Surya | Awesome Repository

Surya is a document processing platform designed to transform unstructured files into structured, machine-readable data. It provides a comprehensive suite of tools for text recognition, layout analysis, and reading order detection, enabling the conversion of PDFs and images into formats such as JSON, HTML, or markdown. The platform is built to handle complex document workflows, offering capabilities for data extraction, document segmentation, and automated form completion.

The platform distinguishes itself through a robust pipeline-based architecture that allows users to chain analysis tasks into versioned, reusable sequences. It supports high-volume operations through batch processing and provides granular control over data extraction via schema management and confidence scoring. For enterprise requirements, it offers containerized deployment options that allow for on-premises execution, ensuring data privacy and security while maintaining consistent performance across environments.

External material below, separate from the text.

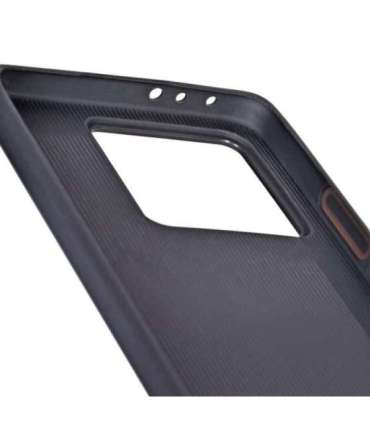 Smartfon Xiaomi 14T 12/256GB Lemon Green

Beyond core analysis, the system includes integrated management for document lifecycles, storage, and event-driven notifications via webhooks. It provides a strongly-typed software development kit to facilitate programmatic interaction, alongside monitoring tools that track system health and usage metrics. Security is maintained through API access controls, request throttling, and payload validation for event notifications.

Features

Document Analysis - Performs text recognition, layout analysis, and reading order detection using typed clients and asynchronous requests.
Document Conversion - Transforms PDFs, images, and other files into structured formats like markdown, HTML, or JSON for automated data systems.
Document and Unstructured Extraction - Transforms unstructured documents like PDFs and images into structured machine-readable formats for business pipelines.
Structured Data Extraction - Parses unstructured document content into predefined fields using centralized schemas for consistent machine-readable output.

Features

Document Analysis - Performs text recognition, layout analysis, and reading order detection using typed clients and asynchronous requests.
Document Conversion - Transforms PDFs, images, and other files into structured formats like markdown, HTML, or JSON for automated data systems.
Document and Unstructured Extraction - Transforms unstructured documents like PDFs and images into structured machine-readable formats for business pipelines.
Structured Data Extraction - Parses unstructured document content into predefined fields using centralized schemas for consistent machine-readable output.